Product design is a response to changing needs and to improve quality of life by designing creative, innovative and sustainable products. Product design is enhanced through knowledge of social, technological, economic, historical, ethical, legal, environmental and cultural factors. These factors influence the aesthetics, form and function of products. Central to VCE Product Design and Technology is design thinking, which is applied through the product design process providing a structure for creative problem solving. The design process involves identification of a real need, problem or opportunity that is then articulated in a design brief. The need, problem or opportunity is investigated and informed by research to aid the development of solutions that take the form of physical, three-dimensional products. Development of these solutions requires the application of technology and a variety of cognitive and physical skills, including design thinking, drawing and computer-aided design, testing processes and materials, planning, construction, fabrication and evaluation. For VCE Product Design and Technology students assume the role of a designer-maker. In adopting this role, they develop and apply knowledge of factors that influence design and address the design factors relevant to their design situation. The knowledge and use of resources is integral to product design. These resources include a range of materials, and the tools, equipment and machines needed to safely transform these materials into products.
Increasingly, the importance of sustainability is affecting product design and development, and so is at the forefront throughout the product’s life cycle.
Sustainable Product Redevelopment
This unit focuses on the analysis, modification and improvement of a product design with consideration of sustainability. It is common for designers in Australia to use products from overseas as inspiration when redeveloping products for the domestic market. Sustainable redevelopment refers to designers and makers ensuring products serve social, economic and environmental needs. Generating economic growth for design and manufacturing in Australia can begin with redeveloping existing products so they have positive social and minimal environmental impact. In this unit students examine claims of sustainable practices by designers. Students consider the sustainability of an existing product, such as the impact of sourcing materials, manufacture, distribution, use and likely disposal.
They consider how a redeveloped product should attempt to solve a problem related to the original product. Where possible, materials and manufacturing processes used should be carefully selected to improve the overall sustainability of the redeveloped product.

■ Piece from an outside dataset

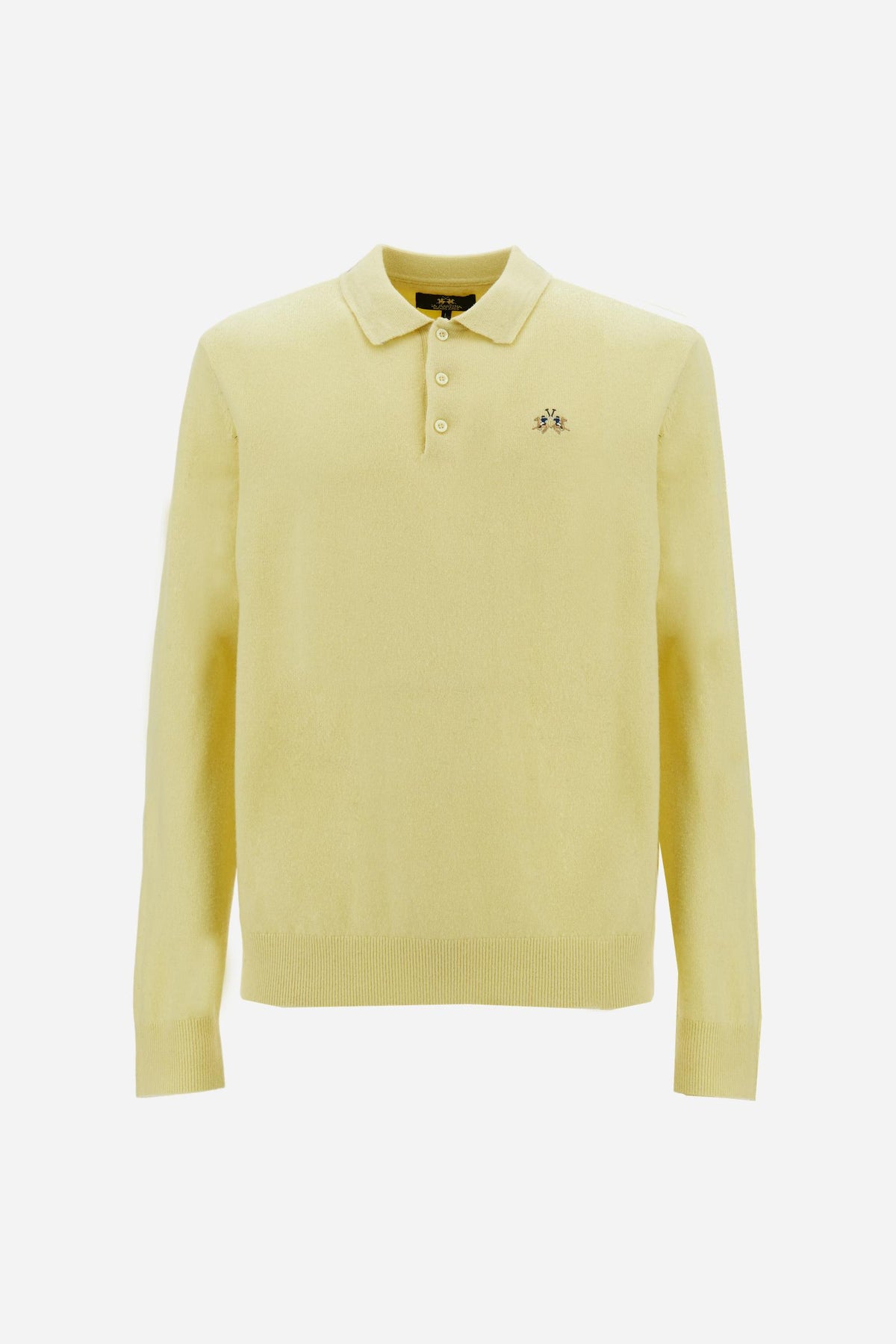 Men's knitted polo shirt in lambswool blend - Ettore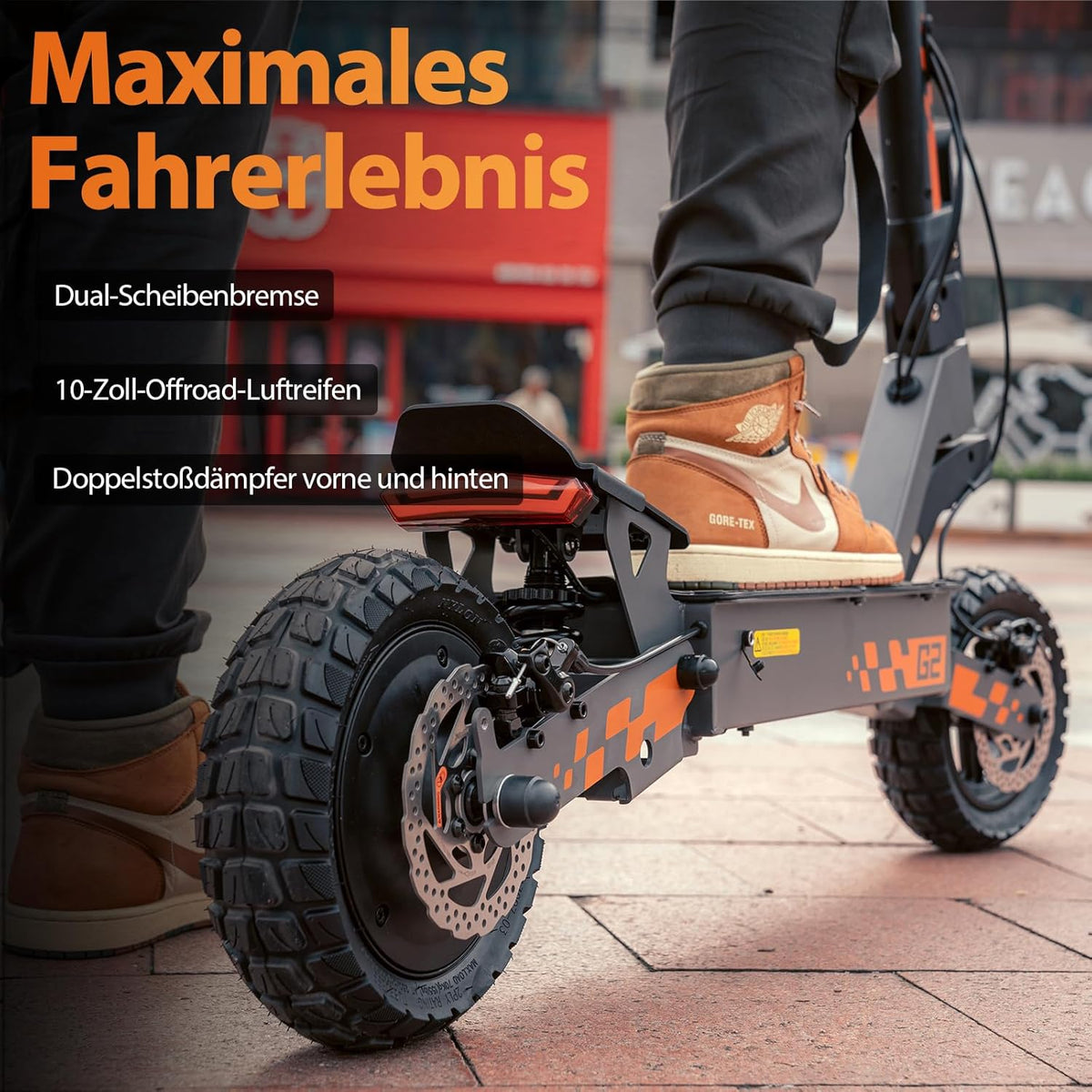 Patinete eléctrico Kukirin, patinete eléctrico para adultos, scooter eléctrico todoterreno, patinete eléctrico (autonomía de 55 km), G2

In Area of Study 1 students consider the sustainability of an existing product and acknowledge the intellectual property (IP) rights of the original designer. Working drawings (also known as flats, trade sketches, assembly or technical drawings) are used to present the preferred design option.
In Area of Study 2, students produce a redeveloped product using tools, equipment, machines and materials, taking into account safety considerations. They compare their product with the original design and evaluate it against the needs and requirements outlined in their design brief.

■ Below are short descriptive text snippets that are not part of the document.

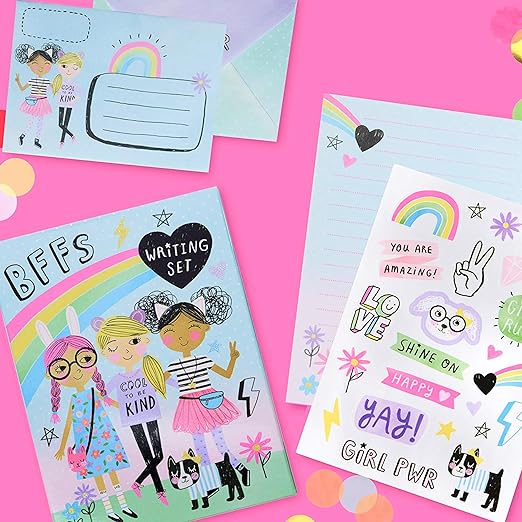 Cute Stationary Set for Girls by Jewelkeeper - 30 Sheets Stationary Letter Paper with 20 Envelopes, Stickers, and Seals - Fun Rainbow Design Letter Writing Kit for Kids - Cool Girls Stationery Set
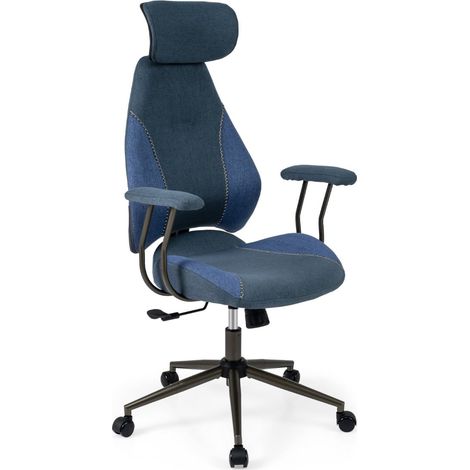 Sedia da ufficio ergonomica, poggiatesta regolabile, lino blu (1/5)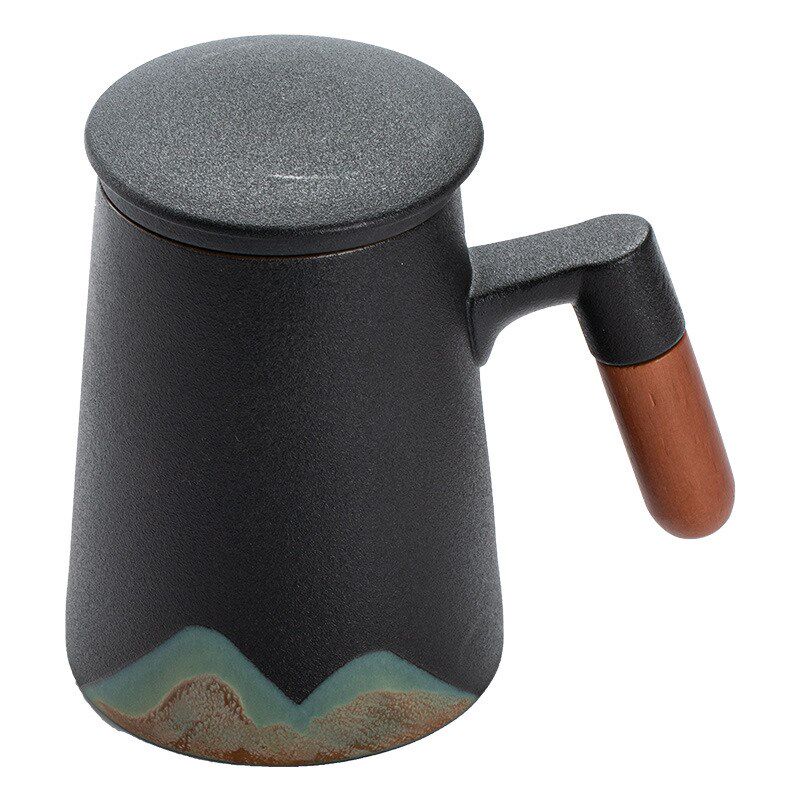 父亲节礼物送爸h爸实用DIY定制刻字茶杯陶瓷茶水分离办公杯泡茶杯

In this unit students work in teams to design and develop an item in a product range or contribute to the design, planning and production of a group product. They focus on factors including end-user/s’ needs and wants; function, purpose and context for product design; aesthetics; materials and sustainability; and the impact of these factors on a design solution. Teamwork encourages communication between students and mirrors professional design practice where designers often work within a multi-disciplinary team to develop solutions to design problems. Students also use digital technologies to facilitate teams to work collaboratively online. In this unit students gain inspiration from an historical or a contemporary design movement or style and its defining factors such as ideological or technological change, philosophy or aesthetics.
In Area of Study 1, students work both individually and as members of a small design team to address a problem, need or opportunity and consider user-centred design factors.
They design a product within a range, based on a theme, or a component of a group product. They research and refer to a chosen design style or movement.
In Area of Study 2 the finished product is evaluated.
Applying the Product Design Process
In this unit students are engaged in the design and development of a product that addresses a personal, local, or global problem (such as humanitarian issues), or that meets the needs and wants of a potential end-user/s. The product is developed through a design process and is influenced by a range of factors including the purpose, function and context of the product; user-centred design; innovation and creativity; design elements and principles; sustainability concerns; economic limitations; legal responsibilities; material characteristics and properties; and technology.
Design and product development and manufacture occur in a range of settings. An industrial setting provides a marked contrast to that of a one-off situation in a small cottage industry or a school setting. Although a product design process may vary in complexity or order, it is central to all of these situations regardless of the scale or context. This unit examines different settings and takes students through the product design process as they design for an end-user/s. Students identify methods which could be used in a low-volume or mass/high-volume production setting to manufacture a similar product to their design. In the initial stage of the product design process a design brief is prepared, outlining the context or situation around the design problem and describing the needs and requirements
In Area of Study 1, students examine how a design brief addresses particular product design factors and how evaluation criteria are developed from the constraints and considerations in the brief. They develop an understanding of techniques in using the design brief as a springboard to direct research and design activities.
In Area of Study 2, students examine how a range of factors, including new and emerging digital technologies, influence the design and development of products within industrial manufacturing settings. They consider issues associated with obsolescence and sustainability models.
In Area of Study 3, students commence the application of the product design process for a product design for an end-user/s, including writing an individual design brief and criteria that will be used to evaluate the product in Unit 4.
Product development and evaluation
In this unit students engage with an end-user/s to gain feedback throughout the process of production. Students make comparisons between similar products to help evaluate the success of a product in relation to a range of product design factors. The environmental, economic and social impact of products throughout their life cycle can be analysed and evaluated with reference to the product design factors.
In Area of Study 1, students use comparative analysis and evaluation methods to make judgments about commercial product design and development.
In Area of Study 2, students continue to develop and safely manufacture the product designed in Unit 3, Outcome 3, using materials, tools, equipment and machines, and record and monitor the production processes and modifications to the production plan and product.
In Area of Study 3, students evaluate the quality of their product with reference to criteria and end-user/s’ feedback. Students make judgments about possible improvements. They produce relevant user instructions or care labels that highlight the product’s features for an end-user/s.